WHAT IS REQUIRED: Each record below is to be copied word for word, with pictures removed.

[Captioned web image data]

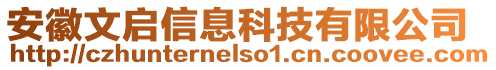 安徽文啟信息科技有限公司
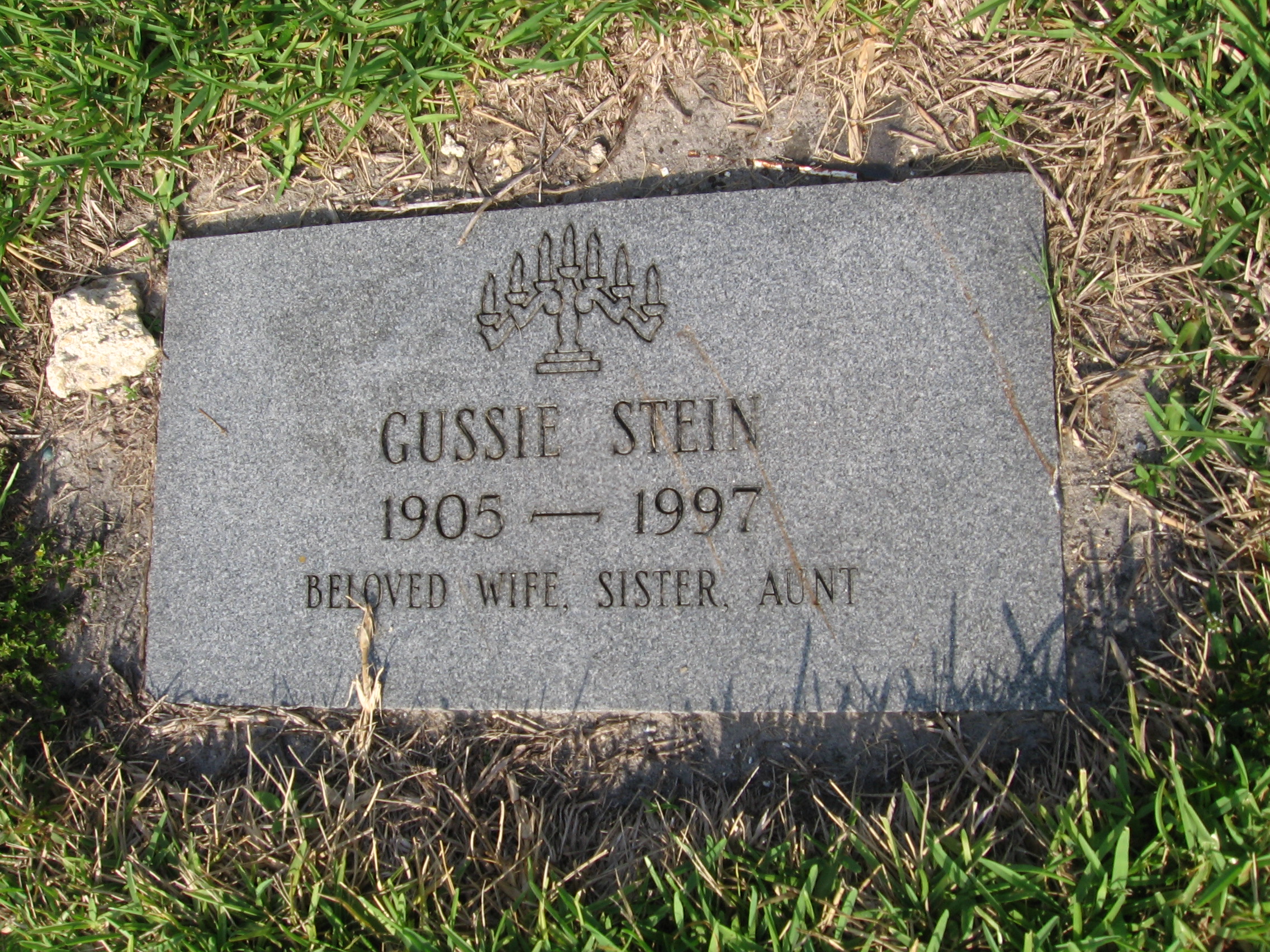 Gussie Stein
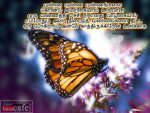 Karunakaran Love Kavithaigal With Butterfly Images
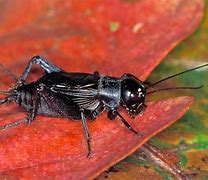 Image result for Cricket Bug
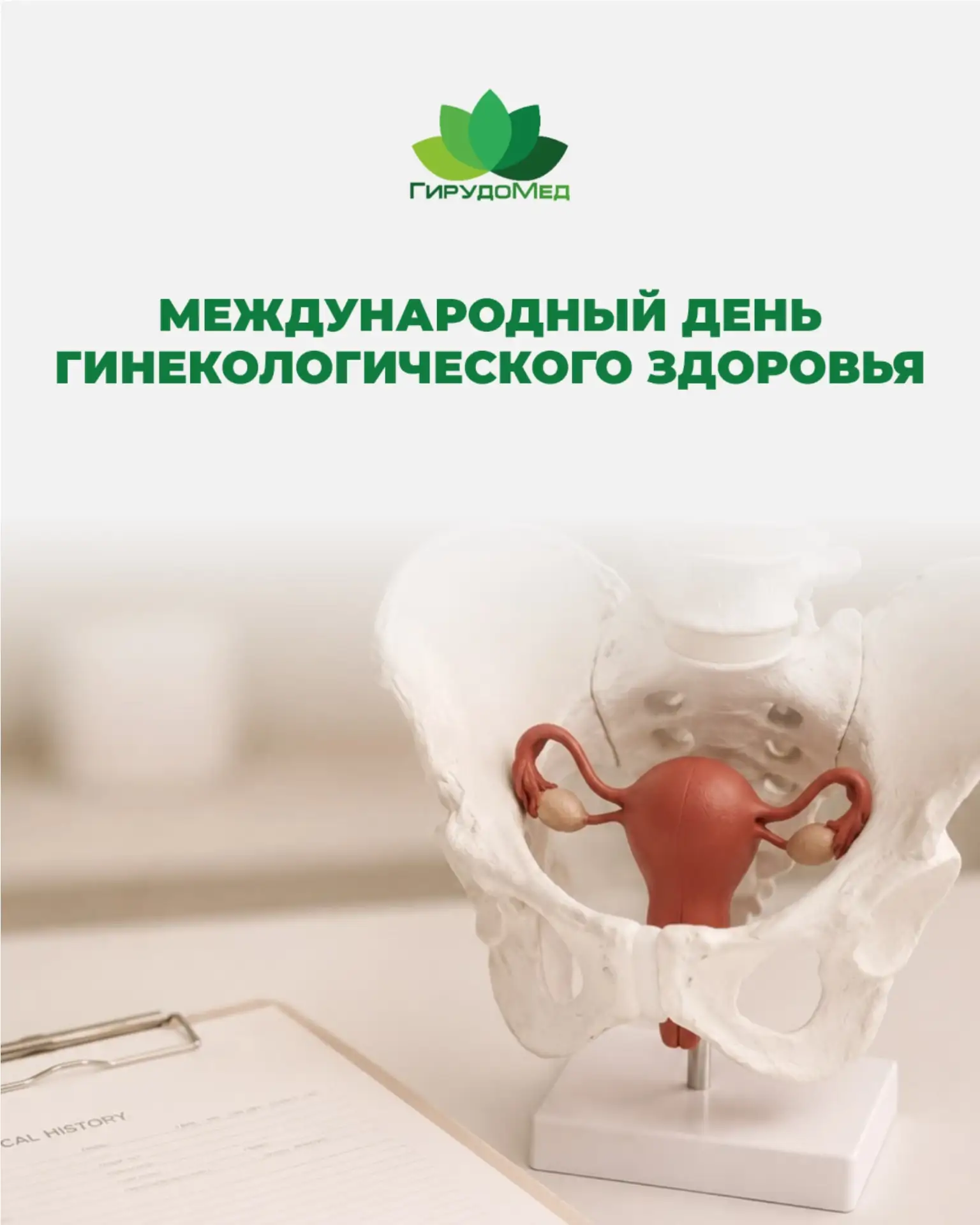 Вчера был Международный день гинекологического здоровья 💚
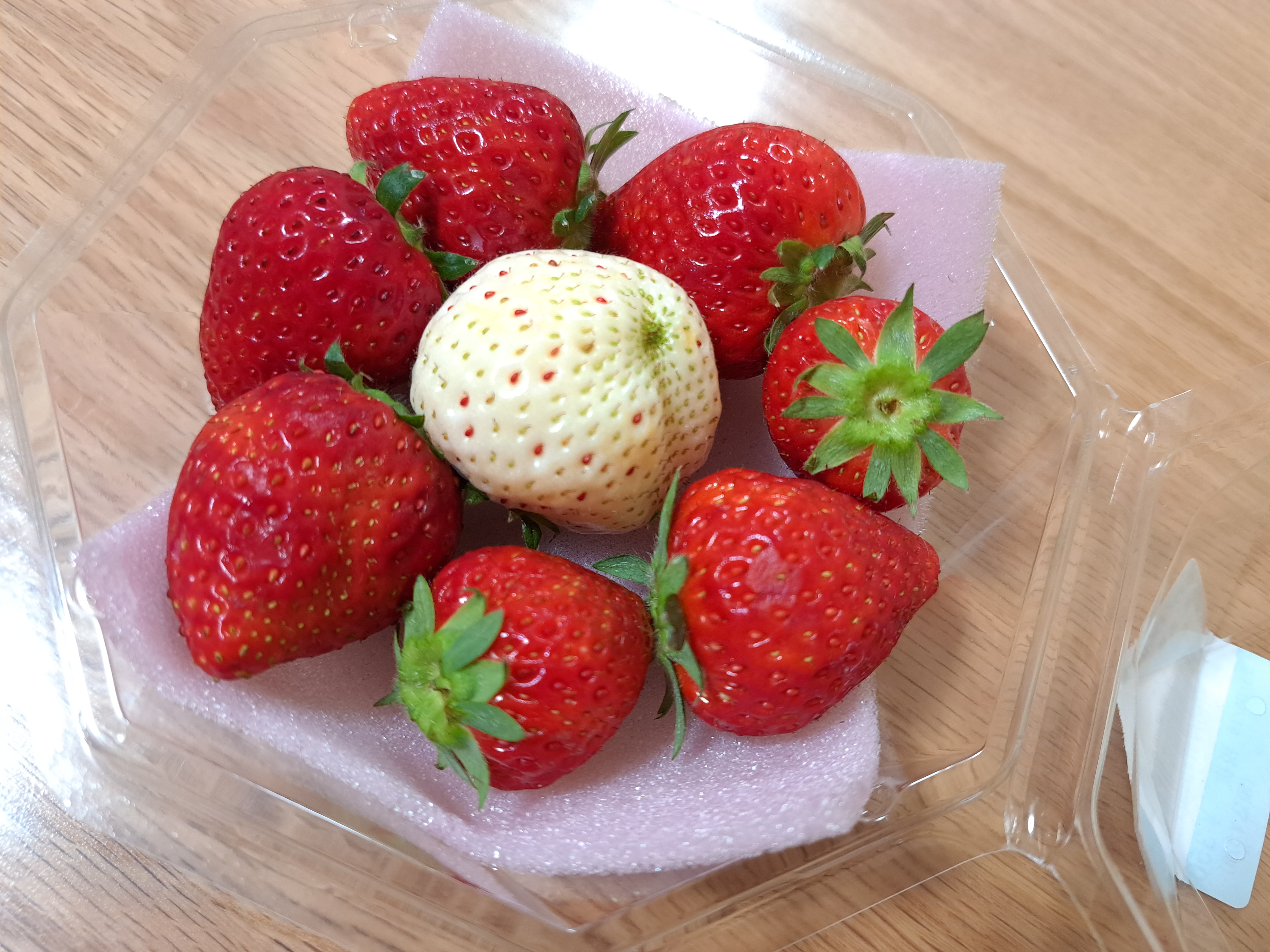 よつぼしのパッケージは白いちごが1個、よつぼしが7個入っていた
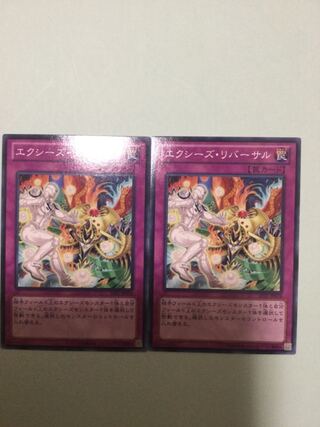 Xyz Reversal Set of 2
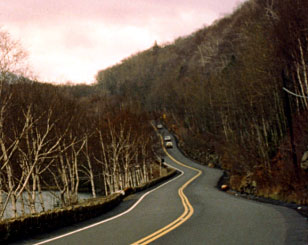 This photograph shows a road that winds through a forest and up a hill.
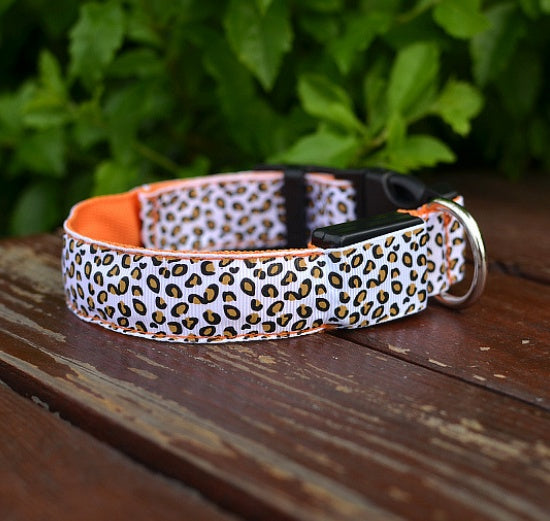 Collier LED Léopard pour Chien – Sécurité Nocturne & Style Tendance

ANSWER BELOW:
 安徽文啟信息科技有限公司
 Gussie Stein
 Karunakaran Love Kavithaigal With Butterfly Images
 Image result for Cricket Bug
 Вчера был Международный день гинекологического здоровья 💚
 よつぼしのパッケージは白いちごが1個、よつぼしが7個入っていた
 Xyz Reversal Set of 2
 This photograph shows a road that winds through a forest and up a hill.
 Collier LED Léopard pour Chien – Sécurité Nocturne & Style Tendance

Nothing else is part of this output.